__Task statement__.
Take the line that contains "A blue building" and each one after it through the last line below, and retype them exactly. Leave out the pictures.

── Material provided ──

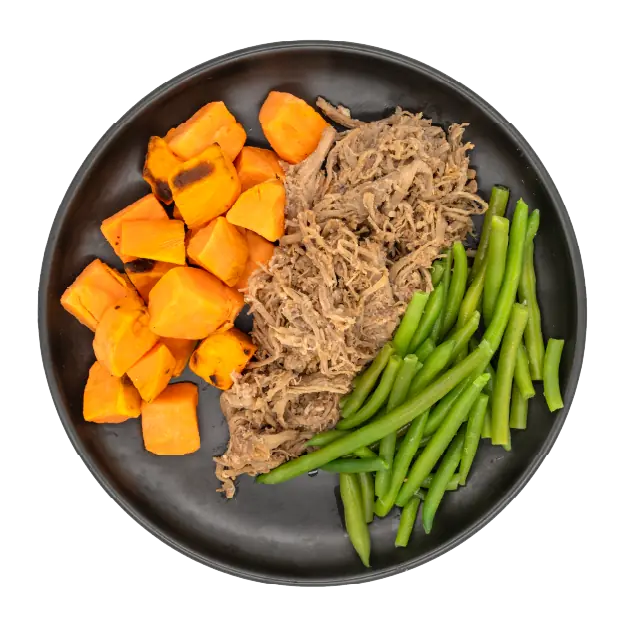 Shredded beef with green beans and roasted sweet potatoes on a black plate.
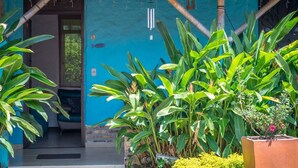 A blue building with a wooden porch, large green plants, and a small garden area. - Hotel Campestre Solar De La Luna (Armenia)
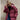
A woman wearing a wine red oversized hooded puffer jacket with a trendy winter fashion design. She is smiling and appears happy, with the jacket featuring long sleeves and a waist length.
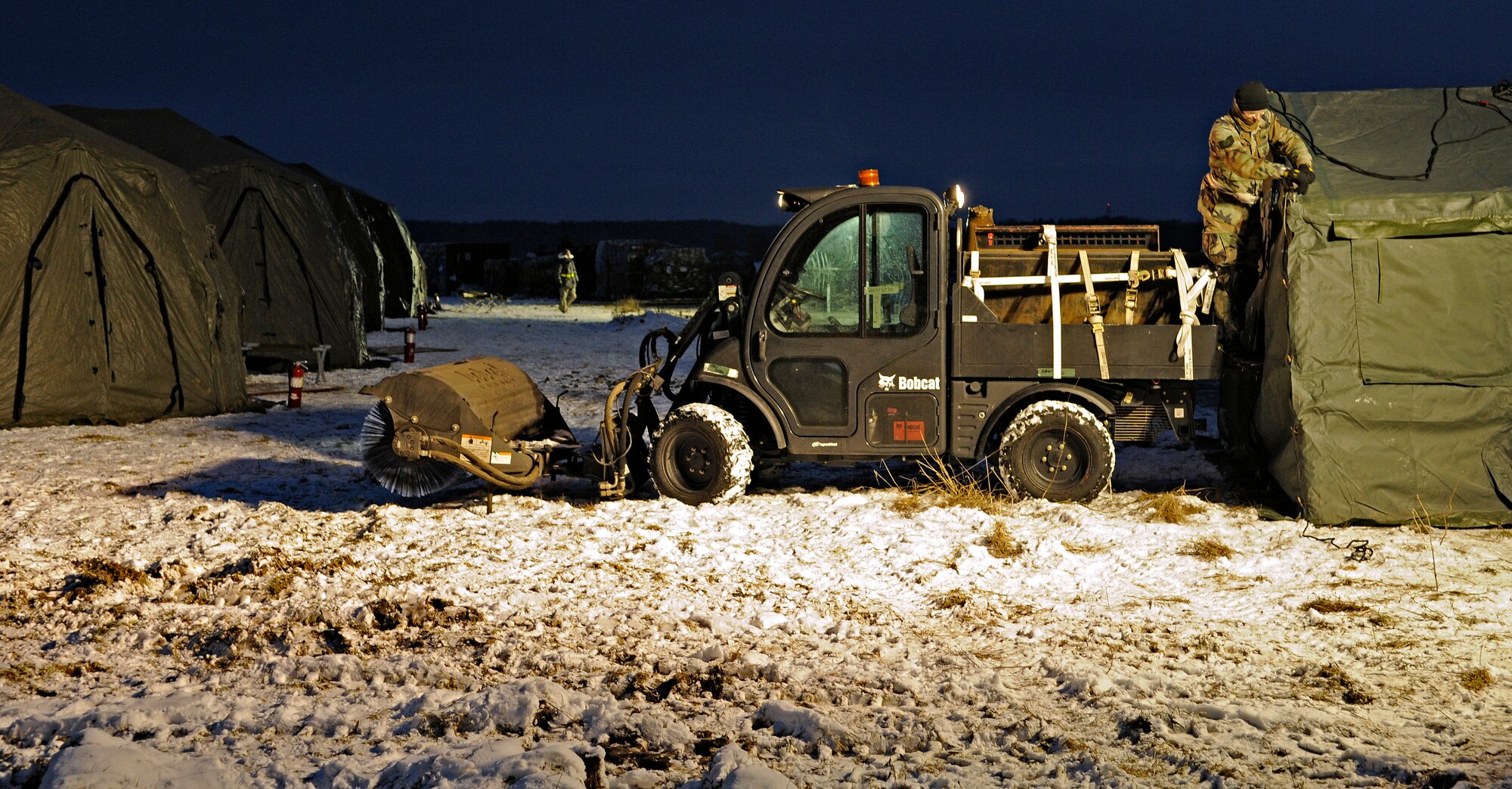 FLUGPLATZ BITBURG, Germany – Tech. Sgt. Kevin Welch, 435th Air Mobility Squadron, Ramstein Air Base, Germany, works into the night setting up tents on the flightline of Flugplatz Bitburg during an operational readiness exercise Jan. 27. Members from Ramstein’s 435th Air Ground Operations Wing and the 86th Airlift Wing worked together to set up bare-base operations at Flugplatz Bitburg. This was the second of five OREs Ramstein is performing to prepare for an inspection in September. (U.S. Air Force photo/Senior Airman Benjamin Wilson)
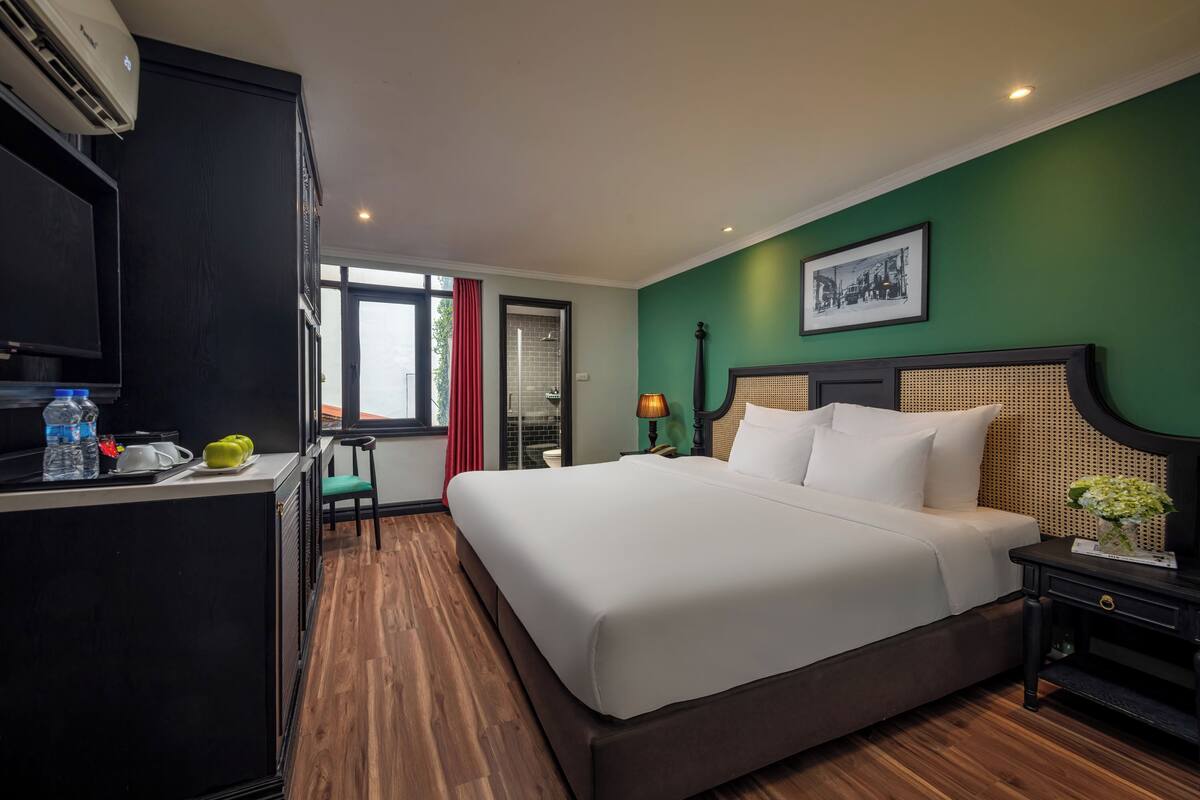 Una habitación de hotel con una cama grande, un escritorio con una silla, una ventana con cortina roja y una pared verde.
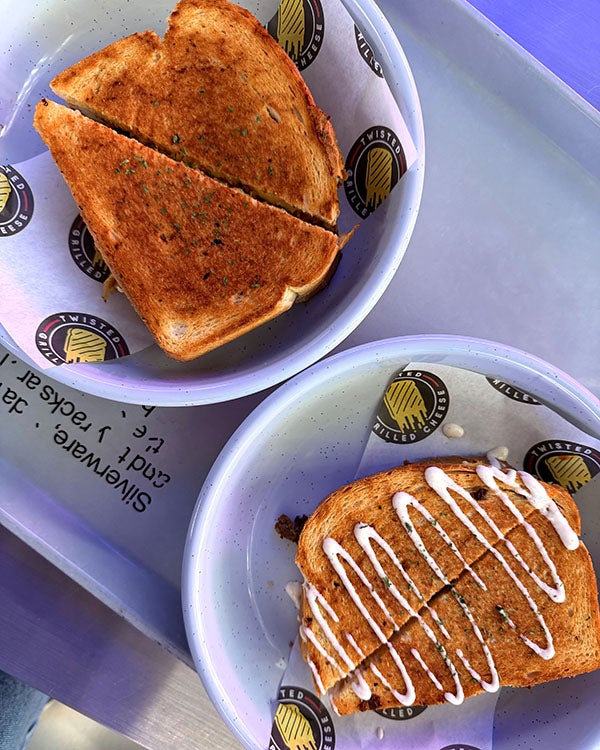 Sandwiches cut diagonally into sandwiches on plates and napkins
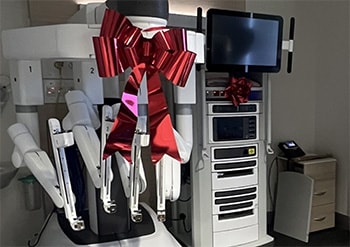 The da Vinci Xi surgical robot with a big red bow after being delivered to St John of God Bendigo Hospital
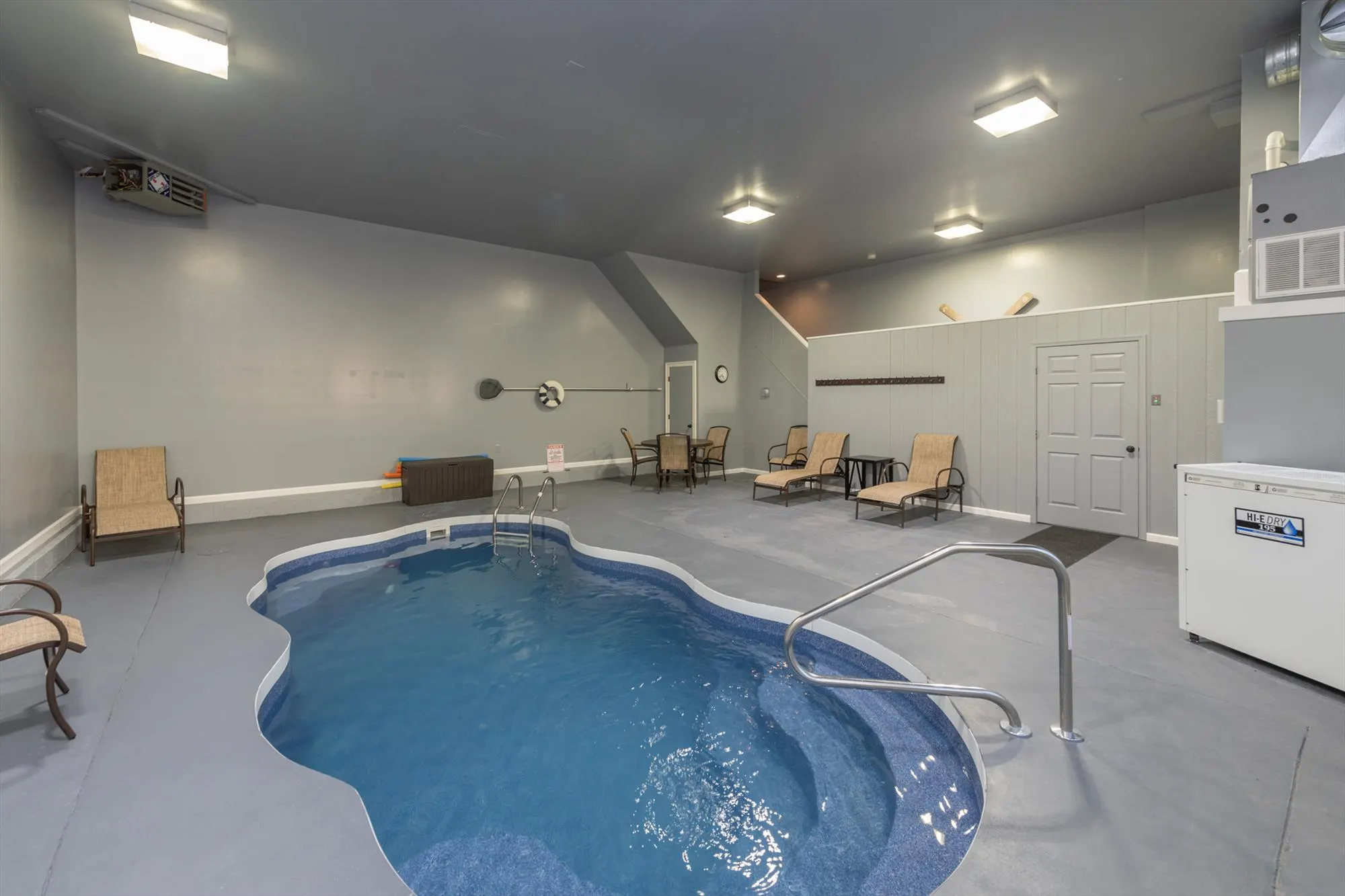 Indoor pool room with ample natural light in the 30-by-28-foot pool house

───

__Written answer__.
 A blue building with a wooden porch, large green plants, and a small garden area. - Hotel Campestre Solar De La Luna (Armenia)
A woman wearing a wine red oversized hooded puffer jacket with a trendy winter fashion design. She is smiling and appears happy, with the jacket featuring long sleeves and a waist length.
 FLUGPLATZ BITBURG, Germany – Tech. Sgt. Kevin Welch, 435th Air Mobility Squadron, Ramstein Air Base, Germany, works into the night setting up tents on the flightline of Flugplatz Bitburg during an operational readiness exercise Jan. 27. Members from Ramstein’s 435th Air Ground Operations Wing and the 86th Airlift Wing worked together to set up bare-base operations at Flugplatz Bitburg. This was the second of five OREs Ramstein is performing to prepare for an inspection in September. (U.S. Air Force photo/Senior Airman Benjamin Wilson)
 Una habitación de hotel con una cama grande, un escritorio con una silla, una ventana con cortina roja y una pared verde.
 Sandwiches cut diagonally into sandwiches on plates and napkins
 The da Vinci Xi surgical robot with a big red bow after being delivered to St John of God Bendigo Hospital
 Indoor pool room with ample natural light in the 30-by-28-foot pool house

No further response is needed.